Advisor: Ben Nye, Viterbi School of Engineering
Description: The Finer Bad Writing project seeks to evaluate the ability of different types of baseline and fine-tuned LLM’s to detect and diagnose problems in essay writing. Specifically, we will study the ability of certain LLM prompts to detect issues such as insufficient support for a thesis statement, a weak / unengaging hook to a paper, and areas with insufficient references or citations. For these, we will compare both the baseline performance for a prompt and the fine-tuned prompt for multiple models (LLAMA 2, GPT 3.5, GPT 4). Experience with the USC CARC system is helpful, but not required. This work builds on the Fall 2023 “Bad Writing is Fine” project, where a corpus was identified and LLM prompts were developed to systematically generate bad writing into existing human-written essays. The results of this project will inform the USC Center for Generative AI project focused on developing writing skills.
Learning Outcomes: Fine tuning LLM’s with limited data. Generating synthetic data. Prompt engineering to detect problems in writing.
Skills Required: Python. CARC or writing tutor experiences also helpful

3. Creating Synthetic Data for Dialogue Understanding

Advisor: Marjorie Freedman, Viterbi School of Engineering
Description: Students will create their own small corpus of synthetic data that describes experiences in the first person from the perspective of various emotional states by prompting available generative AI (e.g., ChatGPT, BARD). They will explore different prompting approaches to see the variability in output. They will design a labeling scheme and serve as assessors for collected data and establish inter-annotator agreement. They will identify potential NLP models (e.g., emotion classifiers, sentiment detection) that can be applied to the corpus to provide automatic labeling and explore which, if any, existing models are predictive of their labeling scheme
Learning Outcomes: How to design prompts for Large Language Models (LLMs), how to generate data when little data is available.
Skills Required: Python. Interest in communication and generative AI.

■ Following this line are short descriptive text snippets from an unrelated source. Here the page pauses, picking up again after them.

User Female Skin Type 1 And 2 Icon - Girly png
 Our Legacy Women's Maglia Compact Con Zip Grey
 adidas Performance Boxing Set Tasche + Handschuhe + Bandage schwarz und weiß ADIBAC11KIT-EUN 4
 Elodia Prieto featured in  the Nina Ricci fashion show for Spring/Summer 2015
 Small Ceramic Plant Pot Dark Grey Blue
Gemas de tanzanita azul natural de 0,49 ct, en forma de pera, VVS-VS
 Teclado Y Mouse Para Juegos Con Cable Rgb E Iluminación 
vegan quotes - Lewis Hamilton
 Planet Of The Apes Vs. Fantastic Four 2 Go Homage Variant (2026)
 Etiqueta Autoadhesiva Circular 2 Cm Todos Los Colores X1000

4. Assessing Artificial Intelligence Impacts on the Public Service Workforce

Advisor: William Resh, Price School of Public Policy
Description: This project will develop a generative AI engine that provides adapted responses to queries on the relative vulnerability and impacts of generative AI on the public sector workforce. Students will scrape occupational manuals of participating governments to identify knowledge, skills, and assets of various occupations and feed this information into a prompt-engineered Chat-GPT plug-in that is trained to provided assessments on the five- and ten-year impacts of AI on these occupations.
Learning Outcomes: Students will learn how to develop a generative AI add-on to an existing analytic dashboard. They will learn the impacts that AI can have on the US federal workforce, among other labor markets. Students will develop prompt engineering skills that yield consistent and valid LLM responses.
Skills Required: Skills required: Python, Statistics. Preferably some experience in one of these areas: Natural Language Processing, Prompt Engineering, Web Design, other complementary areas

5. Natural Language Processing of Safety Reports in Nuclear Power Plants

Advisor: Najmedin Meshkati, Viterbi School of Engineering (Co-advised by Yolanda Gil)
Description: This project, which will be co-advised by Dr. Yolanda Gil, will use Natural Language Processing (NLP) techniques to analyze voluminous Diablo Canyon Independent Safety Committee (DCISC) annual reports to identify the role and contribution of “Traits of a Healthy Nuclear Safety Culture”, as defined by the Nuclear Regulatory Commission and the Institute of Nuclear Power Operations, in incident causation.
Learning Outcomes: Application of NLP in real-world, working on very serious and important issues with global applications, which can be generalized and applied to other safety-sensitive technologies.
Skills Required: Python, machine learning. Preferably some experience with large language models (LLMs).